Wyoming has introduced digital asset retention policies for financial institutions. The rules apply to forks, token giveaways and staking.
These provisions were posted on Twitter by Caitlin Long, president of the Wyoming blockchain task force, and then made public at the Fordham Law Blockchain Regulatory Symposium in New York.
As Caitlin Long said, these rules have been reviewed by many technical experts and legal advisors.
In the new provisions, the concept of “blockchain banks” appears – the so-called special credit institutions, whose activities were approved by the legislative bodies of Wyoming in February this year. These institutions were created to serve companies that cannot use banking services and insure their funds with the Federal Deposit Insurance Corporation (FDIC) due to the fact that they work with cryptocurrencies.
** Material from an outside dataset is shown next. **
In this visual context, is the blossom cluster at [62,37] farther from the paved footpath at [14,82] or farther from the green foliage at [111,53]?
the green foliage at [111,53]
According to the new rules, all additional profit received from the free distribution of tokens, forks and staking (cryptocurrency mining using the PoS method) is automatically credited to the client, and not to the organization in which the digital assets are stored, in the absence of another written agreement. The rules also prohibit “blockchain banks” from securing the cryptocurrencies that they have in storage.
In February, the Wyoming Senate approved a bill recognizing digital assets as property and setting rules for banks to provide custodial cryptocurrency services. In addition, in winter, the state’s authorities approved four more bills related to the blockchain and cryptocurrency industries: a bill on special depository institutions, a commercial storage system, corporate stock tokens, and digital assets.